低共熔溶剂和次氯酸钠组合预处理秸秆及在丁醇发酵中的应用

随着传统化石能源日趋枯竭,木质纤维素生物质等可再生资源的综合利用得到越来越多的关注。为了更好地利用木质纤维素生物质,采用物理、化学或生物方法降低其结构顽抗性是必不可少的步骤。在前期研究中,本文作者所在实验室发现了一种乙胺盐酸盐为氢键受体、乳酸为氢键供体的新型低共熔溶剂（EaCl∶LAC）,其对玉米芯有很好的去除半纤维素的作用。本文将EaCl∶LAC用于预处理水稻秸秆,并结合碱性氧化剂NaClO,进一步提高了木质素的去除率。
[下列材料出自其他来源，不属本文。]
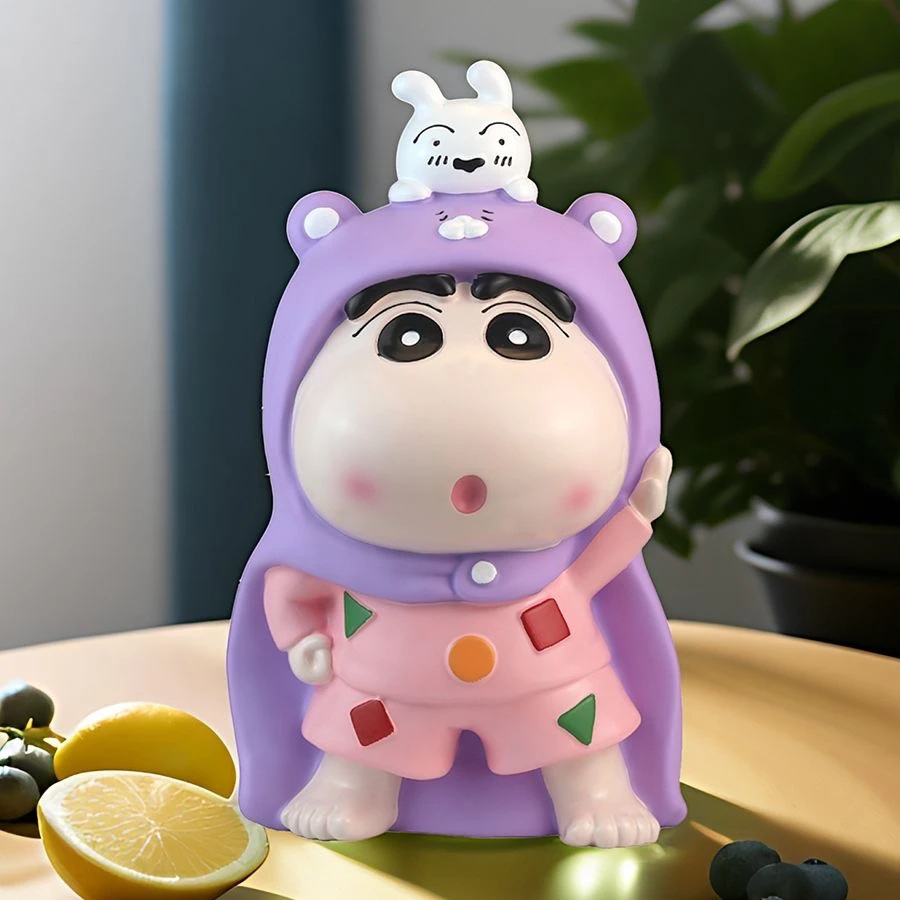 34cm大号紫色蜡笔小新搪胶摆件男女朋友节日生日送礼物手办存钱罐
在最优条件下,经EaCl∶LAC/NaClO预处理后水稻秸秆的半纤维素和木质素的去除率分别为94.9％和80.2％。将预处理后水稻稻秆经纤维素酶解可得到总还原糖浓度为60.46g/L的秸秆水解液。采用梭菌Clostridium saccharobutylicum DSM13864利用稻秆水解液进行丁醇发酵,72h后丁醇浓度为10.16g/L,丁醇的糖醇产率为0.22g/g_{total sugar}。本文提供了一种提高木质纤维素生物质酶解效率和水解液还原糖浓度的方法,无需外源添加葡萄糖和脱毒处理,可直接用于发酵合成生物丁醇。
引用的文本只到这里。